When the Communist Party of Czechoslovakia (KSC) was established in 1921, it was one of the largest Communist parties in the world; its popularity was boosted by the poor living and working conditions of the workers, who, with a weekly wage of 12 crowns, hovered just above the poverty line.


In keeping with the wishes of the Communists, on October 28, 1945 decrees nationalizing all banks, insurance companies, strategic industrial concerns, mines, and other factories with between 150 and 500 employees were issued. Thus, 75 percent of industry was now in state hands. In 1946 the film industry was nationalized as well. Some companies were confiscated outright without compensation, while owners of others were compensated.

For Czechoslovak Communists, The Soviet Union served as an ideal model and was to be emulated in all ways possible. Things even went so far in the 1950s that the Communists replaced Baby Jesus, the traditional bringer of Christmas gifts, with the Soviet Ded Moroz, or "Grandfather Frost".

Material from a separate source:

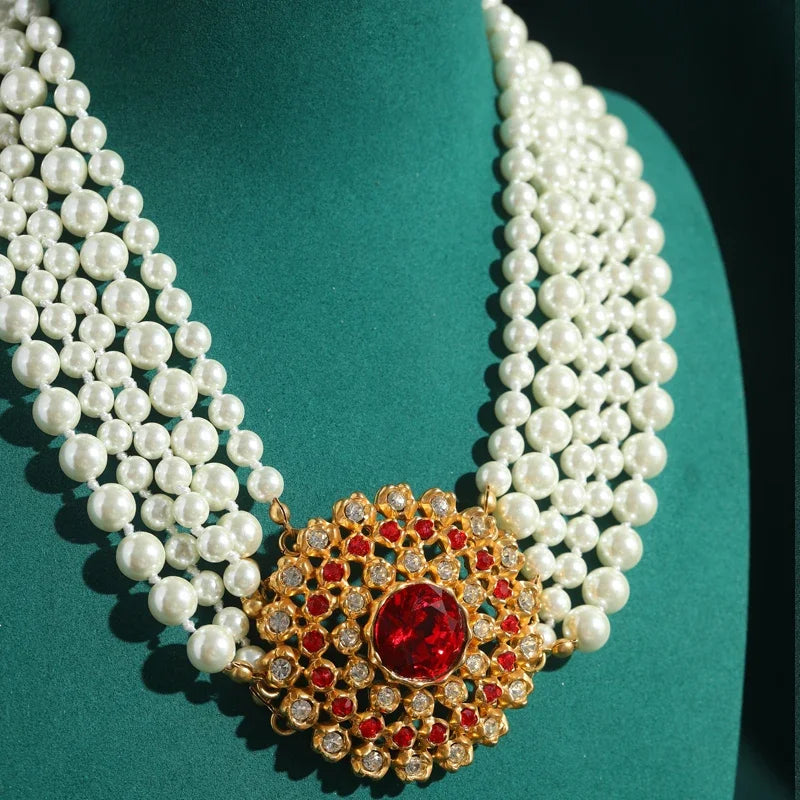 Vintage 5-Layered Crystal Sunflower Necklace with Red Glass Center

The rivalry between the USA and the USSR reached unprecedented levels during the Cold War. They competed to see who could make more destructive weapons, who would rule outer space, and who would lead the way in science and sport. Although the Americans had a four-year head start on the Russians with the atomic bomb, the Soviet hydrogen bomb was tested just months after its American counterpart. In August 1957, the Soviet Union even beat the USA in carrying out the first successful test of an intercontinental missile, one capable of delivering a nuclear warhead across the Atlantic Ocean in 15 minutes.

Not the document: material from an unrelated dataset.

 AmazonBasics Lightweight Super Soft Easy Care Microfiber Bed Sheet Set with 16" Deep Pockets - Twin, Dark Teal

In October of the same year, the Soviets launched the first satellite, before sending the first dog into space. In 1961 Russian cosmonaut Yuri Gagarin was the first man in space. The Americans responded by sending the first man to the moon in 1969. There is no doubt that, at first, captured German scientists and the application of repressive "research methods" in which leading scientists were forced to work for the Communists with guns to their heads in labor camps, contributed greatly to the success of Soviet scientific progress.

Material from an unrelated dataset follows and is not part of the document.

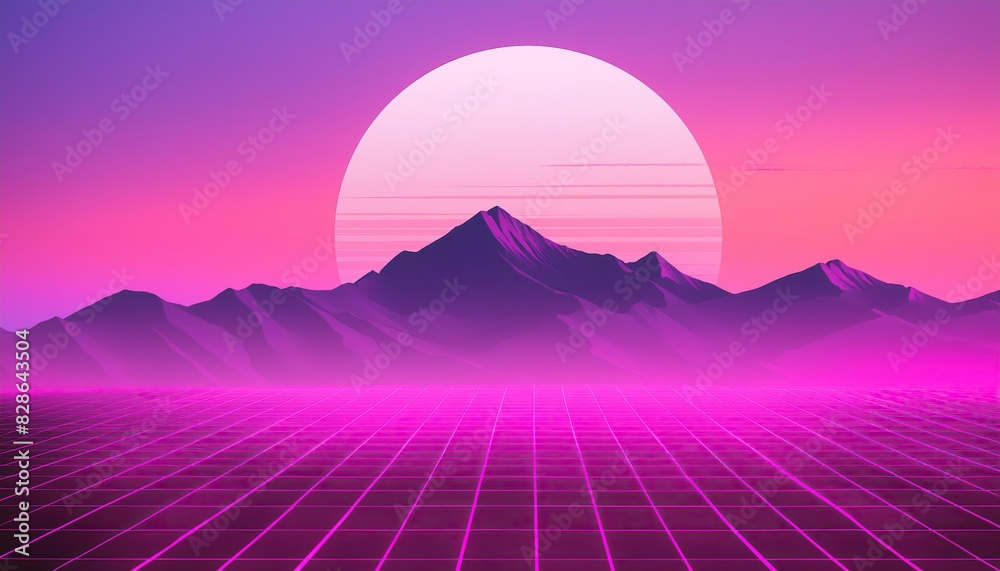 Synthwave retro cyberpunk style landscape background banner or wallpaper. Bright neon pink and purple colors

Czechoslovak propaganda presented the Soviet Union as a country worthy of universal imitation. Thus, organized trips to the USSR began to be offered. However, visitors were closely monitored and prevented from straying from the planned itinerary, so that they did not see the true face of Communist-induced poverty in Russia. The Soviet cult of personality was also imitated in Czechoslovakia. After Klement Gottwald died, his body was preserved, just like Lenin's. Despite being cared for by about 100 experts, it soon began to decompose. The President was then cremated, his ashes interred, and the mausoleum closed.

"This enormous sculpture weighed 17,000 tons and cost 150 million crowns. If built today, it would cost tens or even hundreds of billions of crowns. People were not overly fond of this monument and jokingly referred to it as "the line for meat." The artist behind the statue, Otakar Svec, and his wife, just like Stalin, did not live to see the unveiling of the monument. They both committed suicide."

We had to leave the Communist people's paradise a little earlier than I would have liked because we had a seriously capitalist reservation at the Michelin Guide star winning restaurant La Degustation. It was kind of fun getting a lunch booking at the place because we were the only customers there. At a restaurant as nice as this it felt especially baller to have the entire staff's undivided attention.

I thought the pattern on the floor was fun.

The menu was annoyingly indescriptive. This was "truffle, egg, parsley". I feel like the tragedy of fine dining is when I go to Denny's there's a small paragraph on the menu about the grade A eggs in the omelets. Go to a place like this that probably does a lot of really interesting things with a lot of really interesting ingredients from interesting places and they write little or nothing in the menu, and maybe mumble something quickly while serving. There will then be ten courses so by the time you're done you don't remember the first one. Maybe I'm just weird and wanting to document things while normal people don't care as much as I do.

Per their website:

"Our tasting menu presents a seasonal selection from our trusted farmers, foragers and hunters. We put a lot of energy into sourcing ingredients and aim to bring out the unique essence of each in our cooking.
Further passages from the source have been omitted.